Castres – 14.06.2026 : La décision de la municipalité de Castres d’annuler la représentation prévue en février 2027 de la pièce de théâtre « Passeport » d’Alexis Michalik a suscité d’importantes controverses. Alexis Michalik, auteur et metteur en scène de la pièce, a condamné cette mesure comme une « attaque contre la liberté artistique » et a parlé d’une « décision idéologiquement motivée ». Il a mis en garde contre une restriction de l’indépendance de la culture et des arts par une intervention politique.
La maire de Castres, Florian Azéma, qui appartient au parti d’extrême droite Rassemblement National (RN) et a été élue en mars 2026, a défendu l’annulation. Selon elle, la municipalité a le droit de revoir la programmation culturelle et de l’adapter aux orientations politiques de la nouvelle majorité. Elle a expliqué que la pièce « Passeport » ne correspondait pas aux engagements de la ville et que les fonds publics ne devraient pas être utilisés pour « une production aussi politiquement marquée ».

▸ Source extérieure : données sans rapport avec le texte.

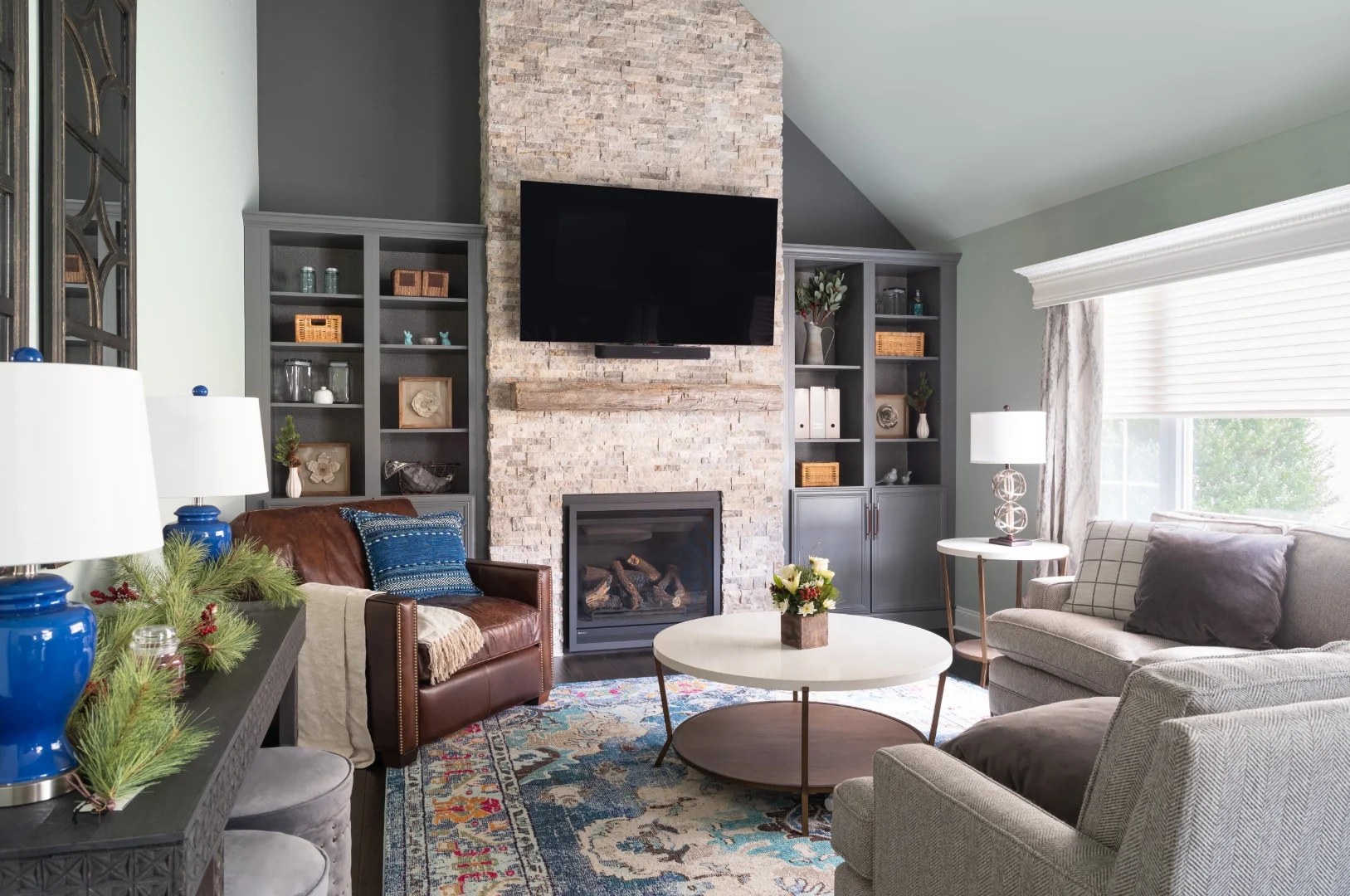 Yardley transitional rustic living room with a floor-to-ceiling stacked stone fireplace, a reclaimed wood mantel beam and mounted TV, custom gray built-in bookcases, a leather club chair, herringbone sofas, and a blue Persian rug beneath a vaulted ceiling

« Passeport » raconte l’histoire d’Issa, un jeune migrant originaire d’Érythrée, vivant à la périphérie de la zone connue sous le nom de « jungle de Calais », qui tente désespérément d’obtenir un titre de séjour en France. Depuis sa première en janvier 2024, la pièce a été jouée plus de 750 fois à Paris et présentée dans près de 80 autres villes françaises. Elle est considérée comme une œuvre importante abordant les thèmes de la fuite, de la migration et des destins humains.
Cette annulation a déclenché à l’échelle nationale des débats sur le rôle de la politique dans le soutien culturel. Les opposants à la décision du RN accusent la nouvelle direction de Castres de réduire la diversité culturelle et d’instrumentaliser politiquement la liberté et la diversité artistiques. Alexis Michalik lui-même parle d’une « sélection idéologique » et réclame une séparation claire entre culture et ingérence politique.
Ce conflit soulève des questions fondamentales sur la politique culturelle en France, notamment sur le financement public et le contrôle politique du contenu culturel. Dans le milieu culturel français, l’inquiétude grandit quant à l’indépendance du théâtre et des autres formes d’art face à un climat politique qui impose de plus en plus des critères idéologiques.
Des voix européennes se sont également fait entendre : Aleksandar Nikolic, député européen du RN, a déclaré dans une interview que l’argent des contribuables de Castres ne devrait pas être utilisé pour des œuvres « défendant des positions idéologiques totales ». Cette déclaration a été vivement critiquée dans les milieux artistiques et politiques, interprétée comme une tentative de politisation de l’art et de la culture.
L’évolution de la situation et la possibilité que d’autres communes en France prennent des décisions similaires restent incertaines. Ce qui est certain, c’est que cette controverse a ravivé le débat sur la liberté artistique et les limites de l’ingérence politique dans le domaine culturel.